Notwithstanding the criticism, no new legislation or court rules have been adopted in response to the recommendations embodied in the report concerning the quantum and quality of evidence.[3] To the contrary, while no action has been taken to affect the historic meaning of the right to indictment by grand jury in the State, see N.J. Const. (1947), Art I, par. 8, our case law has recognized that "[a]n indictment may be based largely or wholly on hearsay and other evidence which may not be legally competent or admissible at the plenary trial. See e.g., State v. Bennett, [194 N.J. Super. 231, 234 (App.Div. 1984), certif. den. 103 N.J. 463 (1986)]; State v. Thrunk, [157 N.J. Super. 265, 278 (App.Div. 1978)]; State v. Ferrante, 111 N.J. Super. 299, 304-306 (App.Div. 1970). [citation omitted]." State v. Schmidt, 213 N.J. Super. 576, 584 (App.Div. 1986), certif. granted 107 N.J. 635 (1987). See also State v. Vasky, 218 N.J. Super. 487, 491 (App.Div. 1987).

Although the testimony was largely or exclusively incompetent by virtue of the leading questions, there was evidence before the grand jury in this case sufficient to sustain *586 the charges, including the allegation under N.J.S.A. 2C:39-4a. The fact that the victim was hit with a BB pellet gives rise to at least an inference of an unlawful purpose sufficient to return an indictment.

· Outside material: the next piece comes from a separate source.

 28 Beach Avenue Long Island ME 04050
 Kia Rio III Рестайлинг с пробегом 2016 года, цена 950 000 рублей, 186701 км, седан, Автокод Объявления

Although we have great sympathy with the determination of the trial judge and the reasons he expressed, we are satisfied that long-standing case law in this State requires reversal of the dismissal. The Supreme Court, either by the adjudicatory process or by adoption of rules governing practice and procedure, can, of course, reconsider issues regarding practice before the grand jury.

Accordingly, the judgment under review is reversed and the matter is remanded to the Law Division for trial.


[1] The Assignment Judge also referred to the fact that defendant was charged with Graves Act offenses and that State v. Harmon considered that significant in construing the meaning of N.J.S.A. 2C:39-4a.

[2] See the similar companion report of the Criminal Practice Committee, "The Grand Jury: A Blueprint for Reform," 100 N.J.L.J. 443 (1977).

[3] There have been certain rule changes and statutory amendments related to other issues addressed in the report and developing case law. See, e.g., R. 3:6-5, R. 3:6-6; State v. Hart, 139 N.J. Super. 565 (App.Div. 1976). Although the issue need not be decided by us, we have no doubt that either the Legislature or the Supreme Court could initiate or take action directed to the quality of evidence to be required before the grand jury. See, e.g., State v. D.R., 109 N.J. 348 (1988); State v. DiPaolo, 34 N.J. 279, 285 (1961), ("[i]ndictmentis patently a matter of practice and procedure"); State v. Greco, 29 N.J. 94, 104 (1959).